COLT

Shortly after we started, one of the dogs, called Whitey, lay down and refused to work. Poor old Whitey! He had given all there was in him and had worn himself out on the hard travelling from Shipwreck Camp to Wrangell Island and again across Long Strait to Siberia. I unharnessed him, finally, and put him on the sledge. We now had only three dogs left to pull the sledge and our progress was not very fast.

About two o’clock in the afternoon we came upon two more arangas. The native who lived in one of them proved to be a deer man who had hurt himself some time before and was just beginning to feel better. He had seven good dogs which excited my interest. I made signs to show him that we had had seven dogs but had lost all but four, of which one was already too weak to walk, that we were travelling all the way down to East Cape, which I indicated on the chart, and that I wanted some dogs. He was an intelligent man and understood what I was after. He and his household brought out tea, which was very refreshing and invigorating, together with frozen deer meat and walrus meat; Kataktovick ate the walrus meat and I the deer meat. Our host made clear to me that we could not reach another aranga before nightfall and invited us to stop with him. We accepted gladly.
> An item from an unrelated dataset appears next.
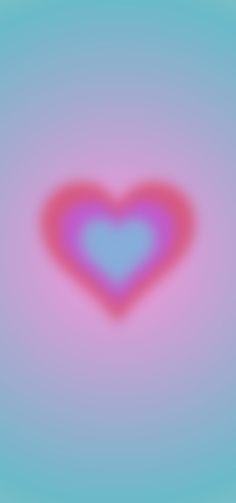 a blurry image of a heart on a blue and pink background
The deer man was loath to part with any of his dogs. Finally he said he would not decide that night but would let me know in the morning. We were up with the first crack of dawn and had a breakfast of pemmican, frozen deer meat and tea; then I reopened the subject of the dogs. The Eskimo said that he would not sell me a dog but would let me take one if I would send it back from East Cape. I gave him a razor and promised to do so. Then he showed me his rifle, which was a Remington, and some cartridges, making signs to ask me if I had any cartridges to pay him for the use of the dog. I had no Remington cartridges, but took out the chart and showed him that after reaching East Cape I was going across to Nome and would send him some cartridges from there. He knew about Nome; evidently the trading motor-boats from Nome had been up along the Siberian coast. The dog, as I understood, I could send back from East Cape by travellers bound west, though the distance was at least three hundred miles as the crow flies. He told me that there was a white man at Koliuchin Bay and that Mr. Caraieff, who was a brother of the one I had met at Cape North, had a fur-trading station at East Cape.

The deer man was an honorable man as well as a trustful one. With the exception of a razor and a pickaxe which I gave him before we left, he received nothing but a promise made him in sign language, yet he let us have one of his best dogs. I asked the native who lived in the other aranga if he would not go with us as far as Koliuchin Bay. He replied that he could not leave his family for so long a journey, because they would probably get nothing to eat. I was sorry for this, but I had been so warmly welcomed here that I wanted to show my appreciation, so I gave him a tin of oil to use with the Primus stove that he had, for which he had had no oil for a long time.

I tried to write down the name of the native to whom I owed the cartridges but it defied spelling; even the experts in phonetic spelling would, I think, have had trouble with it. Later on, however, when I reached Koliuchin Bay I told Mr. Olsen, the American trader whom I found there, about the arrangement I had made and he easily identified the man. I am glad to say that I have every reason to believe that the cartridges which I sent him when I finally reached Alaska arrived safely.

With our new dog now harnessed to the sledge and Whitey still a passenger, we got away by the middle of the forenoon and by mid-afternoon reached another aranga, where we found two women. I tried to make them understand that I wanted to see the man of the house and buy a dog from him; there were several pretty good dogs running around outside the aranga. The women were not very talkative but they finally managed to make me understand that the men were away, gathering driftwood. We made ourselves some tea and waited. Kataktovick went into the aranga and presently returned to tell me that the women had some flour and were willing to give us some. I hardly knew what we could do with it and said so.

Kataktovick replied, “Me make flapjacks.”

He got some of the flour and mixed it with melted snow. Then he greased the cover of the tea boiler with walrus blubber, placed it over the Primus stove and cooked half a dozen flapjacks. They proved to be very good, and from that time on, whenever we got a chance, we had flapjacks; unfortunately chances like this were few and far between. The day was fine and clear and we had a good view of the hinterland, which, I found, resembled the coast of Grant Land, where I had been on my voyages with Peary in the Roosevelt.

Presently the men returned, an old man and his son. I asked him for a dog. He replied—we both, of course, talked in the Esperanto of signs—that he had only seven and did not care to part with any. I had a pair of binoculars which I offered him but could not tempt him, though he was very polite in his refusal to trade. I had with me a new forty-five calibre Colt revolver, with eighty-three cartridges left, which I had used to shoot seal. The boy was standing around while we were carrying on our conversation. I handed him the loaded revolver and made signs to him to try a shot with it. About thirty yards away was a stick, standing up in the snow. The boy fired at it and cut it in two the first shot. He showed his pride and satisfaction plainly and required little urging to try a shot at another stick a little farther away. This time he missed; with the next shot, however, he cut this stick in two. It was good shooting, especially as I do not think he had ever seen a revolver before.